I have to load historical data. Each load operation is related to a different day.
TImestamp in historical logs passed to Druid indexing are relative to our local timezone (CET),
namely the following are examples of log records (the timestamp being the second field, Unix-pipe separated):
283|2015-12-14T13:20:00+01:00|1|premium|1000|11|111|1143|1|10|2943|11|0
283|2015-12-14T13:20:00+01:00|18|webmail|1000|2|727|266249|0|2|2653|0|0
283|2015-12-14T13:20:00+01:00|11|search|1010|1|2|4|0|1|2287|0|0
283|2015-12-14T13:20:00+01:00|7|blog|0|2|6|18|0|0|0|0|0
In the index specification JSON file, (attached), I have the following declaration:
“granularitySpec”: {
“type”: “uniform”,
“segmentGranularity”: “DAY”,
“granularity”: {“type”: “period”, “period”: “PT5M”},
“intervals”: [“2015-12-14T00:00:00+01:00/2015-12-14T23:59:59+01:00”]
}
The unwanted behavior is that, when loading data (made by another indexing task) related to the subsequent day (2015-12-15, in our example), the events in the range
are no more available (only records related to the first hour of the day are left).
I have noticed that in mySQL metadata druid_segments table, two records are related to the same “start/end” range, but one of them (the oldest one, as per the created_date column) is marked
used=0

index.json (2.41 KB)

index_sso_arll2_2016-01-18T10_57_32.608Z.log (171 KB)

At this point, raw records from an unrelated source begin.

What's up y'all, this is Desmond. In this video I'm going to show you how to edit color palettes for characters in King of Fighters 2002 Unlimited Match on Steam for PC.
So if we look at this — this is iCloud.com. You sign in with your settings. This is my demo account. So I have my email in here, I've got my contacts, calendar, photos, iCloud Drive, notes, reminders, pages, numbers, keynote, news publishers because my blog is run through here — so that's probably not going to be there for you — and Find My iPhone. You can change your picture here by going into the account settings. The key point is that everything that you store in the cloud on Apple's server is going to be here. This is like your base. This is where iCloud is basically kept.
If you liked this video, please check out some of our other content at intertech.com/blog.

Hi Marco, Druid uses MVCC (https://en.wikipedia.org/wiki/Multiversion_concurrency_control) for segments. This means when you index data for an interval of time, u create segments with a certain version. If you reindex data for that same time, u create segments with a new version that obsolete the old segments. Druid always queries data from segments with the latest version for an interval of time. Any segment that is completely overshadowed is dropped from the cluster.

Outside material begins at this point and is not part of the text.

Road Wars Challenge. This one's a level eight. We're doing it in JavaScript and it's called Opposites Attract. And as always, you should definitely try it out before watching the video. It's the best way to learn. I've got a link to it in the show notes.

Just to clarify what you are doing, are you trying to append new events to an existing segment?

Hi Fangjin,
no, I am not trying to append new events to an existing segment.
I am trying to populate a freshly created data-source by executing a series of batch-indexing operations, each one related to a different day.
I am absolutely sure that the data to load related to a day do not contain events related to a different day.
Could you explain to me the meaning of the “interval” field (not the “intervals” one) that I find in the index task logs?

Thank you very much for the pointer to MVCC info. It is very interesting to know anything about Druid internal architecture.
Best,
Marco

Druid has a notion of segment granularity, which determines how data is partitioned. For example, if you only had data for a few hours in a day, but your segment granularity was “DAY”, you would create a segment for an entire day, where only a few hours might have actual data.

The “interval” pertains to the intervals covered by the segments you are creating.

FWIW, by starting the overlord and the middlemnager with -Duser.timezone=CET all seems ok (previous segments are left untouched):
passing

"intervals" : [ "2015-12-14T00:00:00.000+01:00/2015-12-14T23:59:59.000+01:00" ]
into the task JSON file, produce this in the index task log:
"interval" : "2015-12-14T00:00:00.000+01:00/2015-12-15T00:00:00.000+01:00"

THe only side effect is that both in mySQL and in the localStorage, the segment is doubled:

Internally we handle time zones by having all data in UTC and using timezone handling stuff at query time.

I filed https://github.com/druid-io/druid/issues/2356 because the docs seem to be a little short in that department.

Thanks Charles,
in any case I will follow your suggestion, namely to load data with UTC timestamps and requesting aggregated values for CET-marked intervals at query time.
I realized your way of doing is the right one…
Best,
Marco

Hi CHarles,
all is going well now. I am working with usr.timezone=UTC and loading data in UTC.
Thanks again,
Marco